"Animals" is a song by American pop rock band Maroon 5. It was released on August 25, 2014, as the second single from the band's fifth studio album V (2014). The song was written by Adam Levine, Benny Blanco and its producer Shellback.

The song peaked at number three on the US Billboard Hot 100 giving Maroon 5 their tenth top 10 single in the U.S.

Promotion
To promote the song, Kia Motors debuted an advertisement of 2015 Kia Soul EV model on August 21, 2014. For a limited time after the commercial premiered, "Animals" was available for free download on the Kia website only. Later, Maroon 5 released the song's lyric video on August 22, 2014, from their YouTube channel. The commercial also appeared at the 2014 MTV Video Music Awards on August 24, and the song was released the next day.

Remixes
The remix versions of "Animals" featuring with American rappers, J. Cole released on September 30, 2014, and Big Boi premiered execlusively on Pigeons & Planes website on December 18, both written and produced by Freaky Ta, DCBC and Aftermath artist Me3mo (Sameem Nadeem).

Critical reception
Rolling Stone ranked "Animals" at number 32 on its year-end list of the 50 best songs of 2014.

Music video
The music video was released on September 29, 2014 on Vevo. Directed by Samuel Bayer, the video features Adam Levine and his wife, Behati Prinsloo who portrays the woman. The other musicians of Maroon 5 (including their touring member Sam Farrar, the first time he appeared in a music video with the band) also make an appearance - they are seen playing at a nightclub in some scenes of the video. The story of the video is inspired by the film American Psycho (2000).

Synopsis

The video starts with a woman entering a slaughterhouse, where Levine's character works. After she leaves, an infatuated Levine begins to stalk the woman by following her in the streets and standing outside her apartment in the pouring rain to watch her. He also watches the woman in her sleep and takes numerous photos of Prinsloo, which he later trims and places on wires around a dark room. Intercut with this are scenes of a shirtless Levine dripping in fake blood, singing the song inside a meat locker and using animal carcasses for punching bags (an apparent reference to Rocky). One evening, Levine follows the woman into a nightclub, where he tries to talk to her. Though Prinsloo is amused by Levine and his interest in her, she spends the evening talking to her girlfriends instead. Eventually, Levine is left with no luck, so he goes back to fantasizing about the girl. After an erotic dream, Levine wakes up in a shock and returns to stalking Prinsloo by standing outside her apartment in the rain watching in a dazed state, leading to the similar opening. The final scenes feature Levine and Prinsloo as obsessed lovers having sex while covered in blood (an apparent reference to Carrie).

Reception and controversy
The music video was heavily panned by critics and has been condemned for dehumanizing women and glamorizing violence. Jessica Valenti of The Guardian criticized the video for attempting to make violence against women seem "edgy" stating that "there is nothing 'alternative' about showing women being stalked, hunted, raped or killed because it’s something that happens every damn day." RAINN (Rape, Abuse & Incest National Network) released a statement condemning the video, which wrote that  "No one should ever confuse the criminal act of stalking with romance. The trivialisation of these serious crimes, like stalking, should have no place in the entertainment industry." 
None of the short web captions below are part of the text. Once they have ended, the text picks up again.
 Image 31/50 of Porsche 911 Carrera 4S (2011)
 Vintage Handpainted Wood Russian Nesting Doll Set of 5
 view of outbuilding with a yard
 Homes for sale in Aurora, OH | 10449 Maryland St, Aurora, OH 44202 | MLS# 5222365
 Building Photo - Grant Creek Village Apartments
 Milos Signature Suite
In a 2018 interview with The Independent, Levine dismissed the criticism, calling it "fucking ridiculous", and saying about the video, "It was supposed to be creepy! I play the role of the creep, it's literally a character out of a movie. And the song is about animalistic tendencies, I'm talking about eating someone alive. Use your fucking imagination. It's like watching a horror film and notifying the people who made it to tell them you think they're disgusting. People are sometimes too rooted in reality and they can't differentiate. They take everything too personally."

Chart performance
Commercially in the United States, "Animals" debuted at number 86 on the US Billboard Hot 100 chart. On October 8, 2014, the song rose from the number 33 to 8, giving the band their tenth top-ten hit overall and their seventh consecutive Hot 100 top-ten hit since the 2011 chart-topping single "Moves like Jagger". The song reached its million sales mark in the US in November 2014. The song peaked at number three on the Billboard Hot 100 issue dating November 22, 2014 and spent fourteen weeks in the top 10.
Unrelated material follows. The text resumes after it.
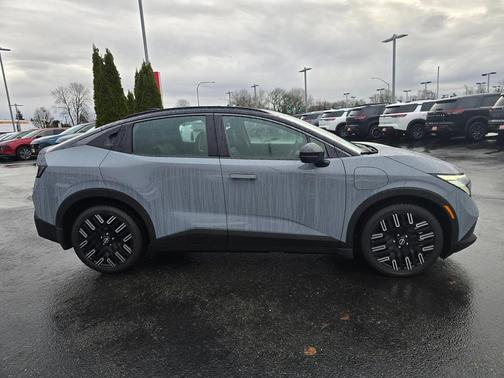 2026 Nissan Leaf PLATINUM+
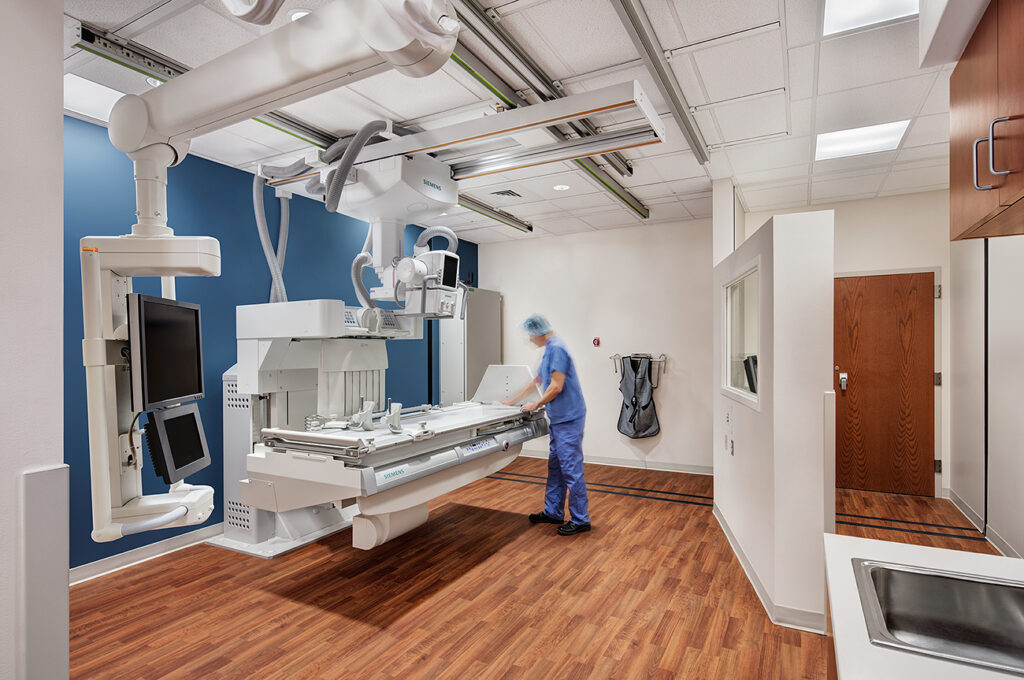 NM Feinberg Fluoro Wing and Galter E-Cam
In other countries, "Animals" has made the top-ten progress as well, reaching number 2 in Canada. It is also a moderate success in the United Kingdom, where it charted at number 27.

Live performances
On October 20, 2014, Maroon 5 performed "Animals" for the 2014 NRJ Music Tour at Maison de la Mutualité in Paris, France. The same month, Maroon 5 performed the song on Saturday Night Live (along with "Maps"), as well as The X Factor, and the television talk shows C à vous (C to You) in France and The Graham Norton Show in the UK, respectively. On November 10, 2014, Maroon 5 performed the song on the seventh season of The Voice. In December 2014, the band performed "Animals" in a mash-up with "This Love" for A Very Grammy Christmas concert (December 5) at the Shrine Auditorium in Los Angeles, California, and performed the song at the iHeartRadio Jingle Ball Tour 2014 (December 12) in Madison Square Garden, New York City.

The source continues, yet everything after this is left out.